++++ Dataset extract
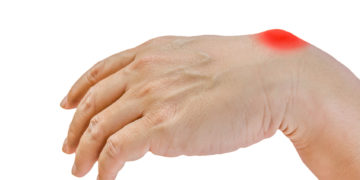 Bei einem Überbein handelt es sich um eine Zyste, die im Bereich einer Gelenkkapsel oder Sehnenscheide auftritt. (Bild: naiyanab/fotolia.com)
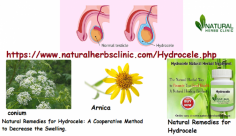 The helpful Natural Remedies for Hydrocele due to injury are conium and arnica. The testicles get inflamed and take on a bluish-red form in cases where arnica will prove the most useful among natural remedies for hydrocele.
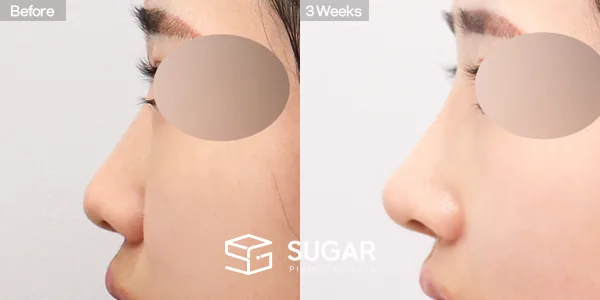 슈가성형외과 첫) 콧대 + 코끝 + 매부리코 + 복코 + 절골 + 귀연골 전후사진 - 측면 수술 전후 비교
++++++++
> **Aim of the exercise**
An exact transcription of the data above is needed, without the pictures.

> **Finished exercise**
 Bei einem Überbein handelt es sich um eine Zyste, die im Bereich einer Gelenkkapsel oder Sehnenscheide auftritt. (Bild: naiyanab/fotolia.com)
 The helpful Natural Remedies for Hydrocele due to injury are conium and arnica. The testicles get inflamed and take on a bluish-red form in cases where arnica will prove the most useful among natural remedies for hydrocele.
 슈가성형외과 첫) 콧대 + 코끝 + 매부리코 + 복코 + 절골 + 귀연골 전후사진 - 측면 수술 전후 비교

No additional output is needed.